CC : Comment peut-on voir l’évolution de la lutte contre la pollution lumineuse ?

Paradoxalement, la guerre en Ukraine pourrait faire bouger les choses. Ce n’est évidemment pas que j’approuve l’agression de Poutine ! Mais le renchérissement de l’énergie (qui n’a d’ailleurs pas attendu cet événement) va obliger les dirigeants politiques et plus généralement la population à regarder les choses autrement. Cela dit, il faut être prudent dans ses prévisions : on a pensé que la crise du covid et les confinements allaient changer fortement les attitudes de consommation, et l’expérience montre qu’on peut en douter. Les politiques ont souvent une culture scientifique faible, leurs études en mathématiques, en physique ou en biologie se sont arrêtées au lycée ; hélas, les alertes du Groupe d’experts intergouvernemental sur l’évolution du climat (GIEC), de la Plateforme intergouvernementale scientifique et politique sur la biodiversité et les services écosystémiques (IPBES) et des chercheurs de toutes disciplines restent pour eux des abstractions éloignées de leur univers, davantage marqué par les questions de pouvoir et d’argent.

CC : Revenons à l’astronomie : y a-t-il un regain d’intérêt pour cette science dans le public ?

Disons qu’il y a des possibilités. L’astronomie captive plus naturellement les enfants et le grand public que la physique nucléaire ou la géométrie.

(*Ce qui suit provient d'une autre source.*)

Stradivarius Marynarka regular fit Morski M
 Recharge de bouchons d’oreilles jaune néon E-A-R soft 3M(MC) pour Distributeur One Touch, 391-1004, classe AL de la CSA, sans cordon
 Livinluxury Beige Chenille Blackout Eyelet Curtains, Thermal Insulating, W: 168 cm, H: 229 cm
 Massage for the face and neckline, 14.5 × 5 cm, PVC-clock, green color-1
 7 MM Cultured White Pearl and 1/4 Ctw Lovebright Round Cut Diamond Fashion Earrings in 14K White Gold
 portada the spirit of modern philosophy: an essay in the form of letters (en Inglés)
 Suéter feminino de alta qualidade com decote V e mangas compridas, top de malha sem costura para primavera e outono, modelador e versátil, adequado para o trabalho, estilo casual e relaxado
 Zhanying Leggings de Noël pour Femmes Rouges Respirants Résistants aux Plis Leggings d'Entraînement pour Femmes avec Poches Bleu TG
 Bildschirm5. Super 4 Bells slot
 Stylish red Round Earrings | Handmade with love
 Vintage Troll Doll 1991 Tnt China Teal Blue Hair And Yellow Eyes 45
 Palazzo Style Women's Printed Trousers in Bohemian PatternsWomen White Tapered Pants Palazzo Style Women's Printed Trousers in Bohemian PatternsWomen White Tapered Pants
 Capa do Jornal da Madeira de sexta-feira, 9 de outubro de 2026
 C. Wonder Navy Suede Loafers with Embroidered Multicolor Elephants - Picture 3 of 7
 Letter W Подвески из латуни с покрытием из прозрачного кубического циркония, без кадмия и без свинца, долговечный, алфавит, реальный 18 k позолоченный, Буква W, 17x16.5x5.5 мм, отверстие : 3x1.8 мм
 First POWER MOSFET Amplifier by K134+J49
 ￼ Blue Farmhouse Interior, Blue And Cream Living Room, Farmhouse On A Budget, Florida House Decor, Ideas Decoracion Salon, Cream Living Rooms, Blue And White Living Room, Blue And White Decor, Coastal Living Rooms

C’est tout de même assez excitant de voir qu’on peut connaître la distance d’une étoile ou sa température, alors que ces astres se trouvent à des distances on ne peut plus inaccessibles : donc la spectroscopie et d’autres domaines physiques apparemment abstraits prennent alors de la chair auprès du public. Une remarque tout de même ici : jusqu’au niveau de la 6e ou de la 5e, les filles et les garçons portent aux sciences un intérêt équivalent, mais à partir de la 4e et de la 3e, il y a un basculement et les stéréotypes connus imprègnent progressivement les jeunes dans tous les domaines ; les sociétés d’astronomes amateurs sont majoritairement composées d’hommes, dommage !

Isabelle Vauglin est astronome au CRAL-Observatoire de Saint-Genis-Laval (Rhône)

Propos recueillis par Pierre Crépel.